Directions for this task -
Retype nothing except the lines below from the one with "Chimney fire on" through the one with "Bright kitchen featuring", exactly, with images left out.

===== Excerpted records

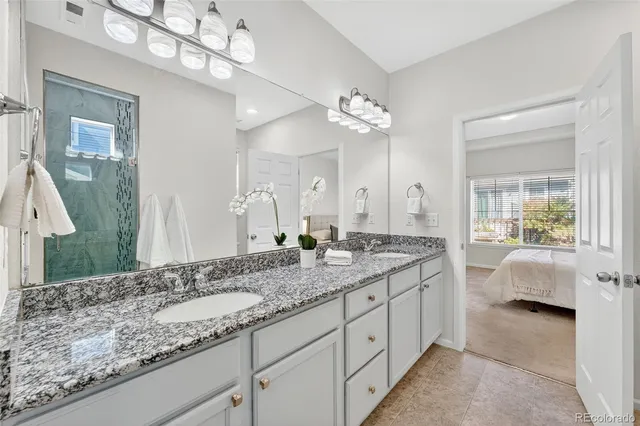 a spacious bathroom with a granite countertop double vanity sink a mirror a lamp a vanity and a bathtub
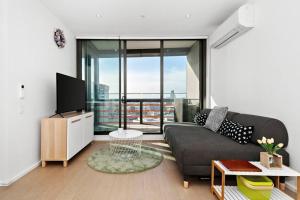 a living room with a couch and a large window at Resort-style Docklands Riverview Stay with Parking in Melbourne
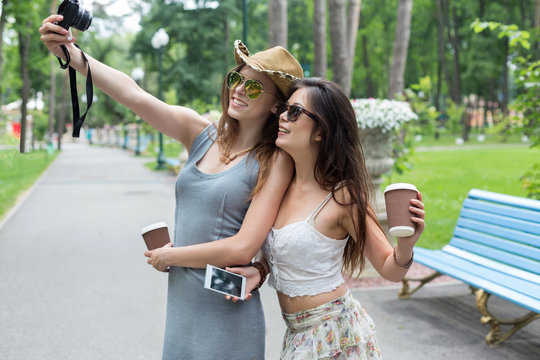 Happy tourists girl friends taking selfie photos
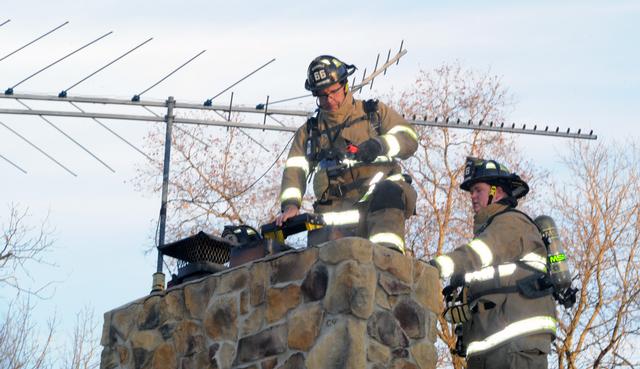 Chimney fire on Christmas morning.  Eighteen degrees.  Photos by Curt Werner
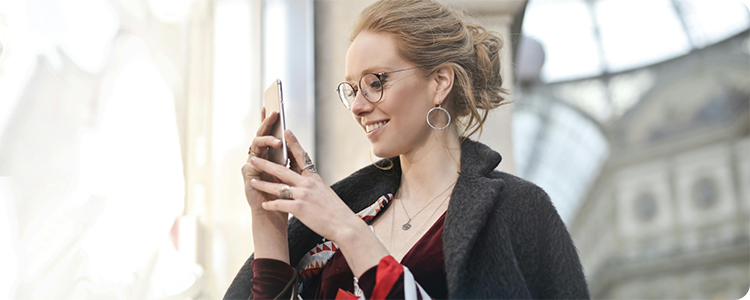 A person holding shopping bags and looking at a phone.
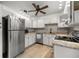 Bright kitchen featuring stainless steel appliances, white cabinets and granite countertops at 546 Midway Dr # B, Ocala, FL 34472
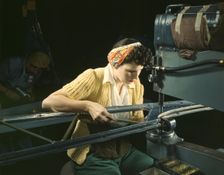 A girl riveting machine operator at the Douglas Aircraft Company plant..., Long Beach, Calif. , 1942 Creator: Alfred T Palmer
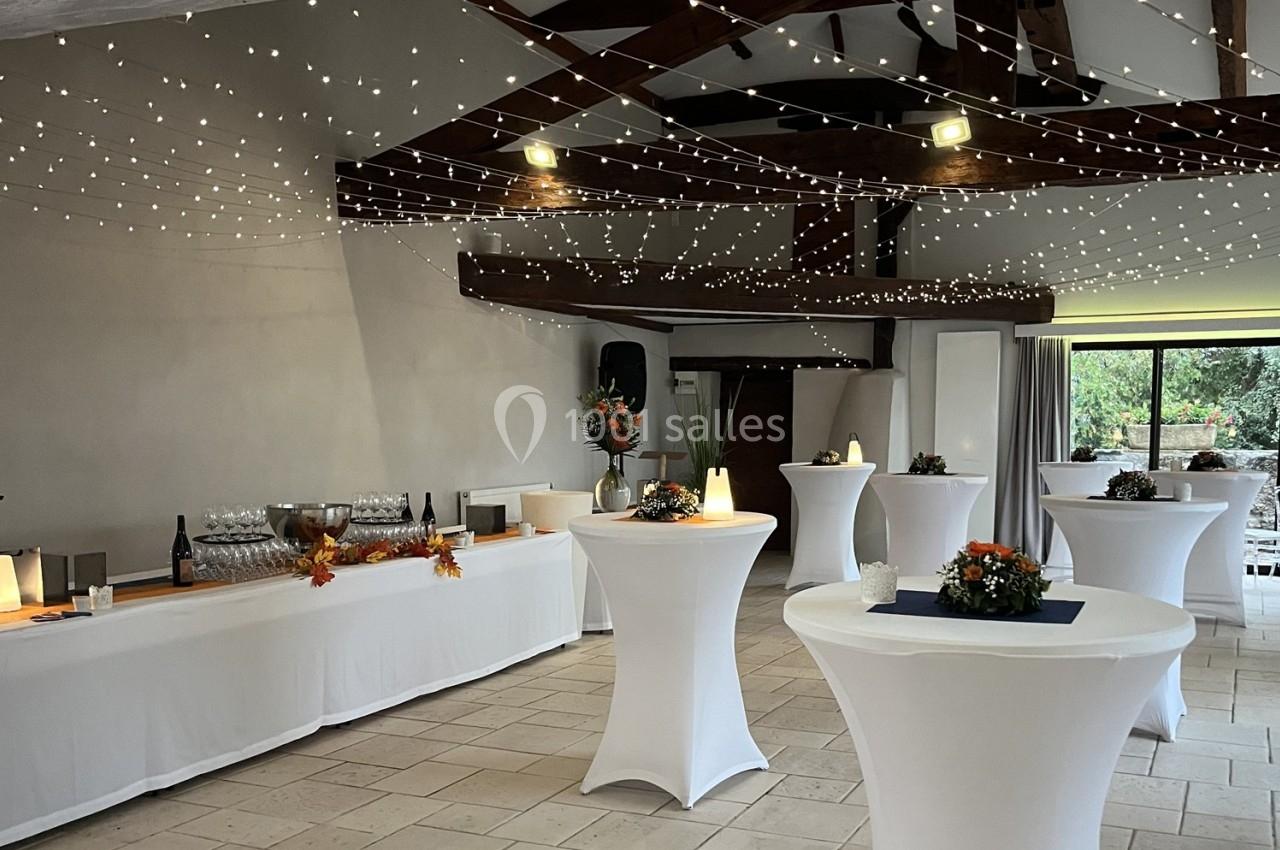 Salle décorée pour un événement avec guirlandes lumineuses, tables hautes nappées de blanc et buffet dressé.
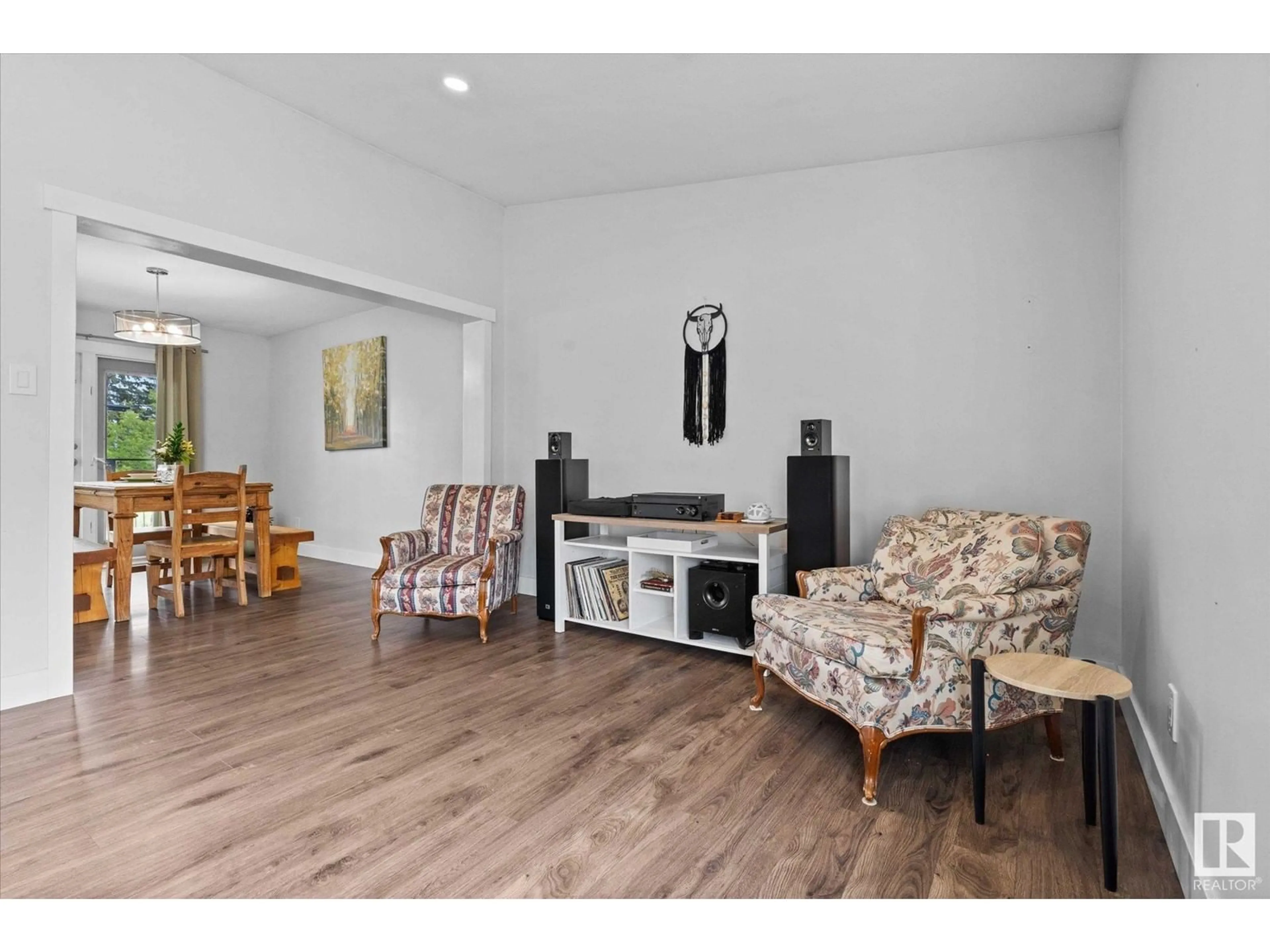 Living room with furniture, wood/laminate floor for 4920 47 AV, Evansburg Alberta T0E0T0
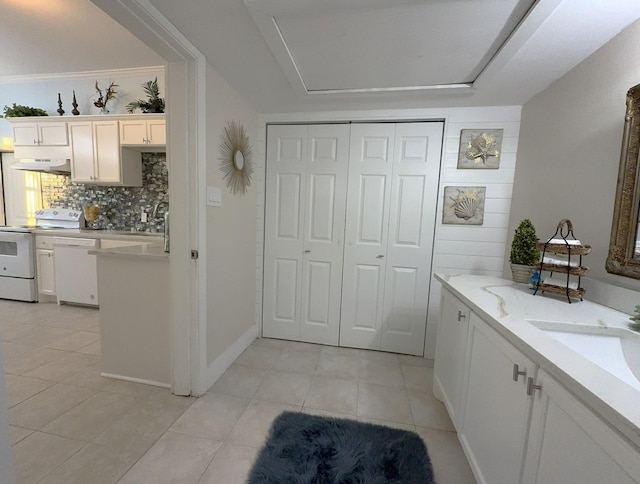 bathroom with tile patterned flooring, sink, and decorative backsplash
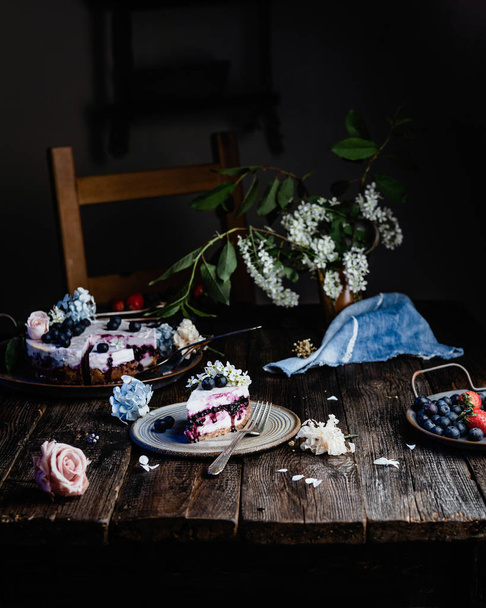 Slice of blueberry cheesecake decorated with flowers on ceramic plate  - Fotografie, Obrázek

==========

Answer box -
 Chimney fire on Christmas morning.  Eighteen degrees.  Photos by Curt Werner
 A person holding shopping bags and looking at a phone.
 Bright kitchen featuring stainless steel appliances, white cabinets and granite countertops at 546 Midway Dr # B, Ocala, FL 34472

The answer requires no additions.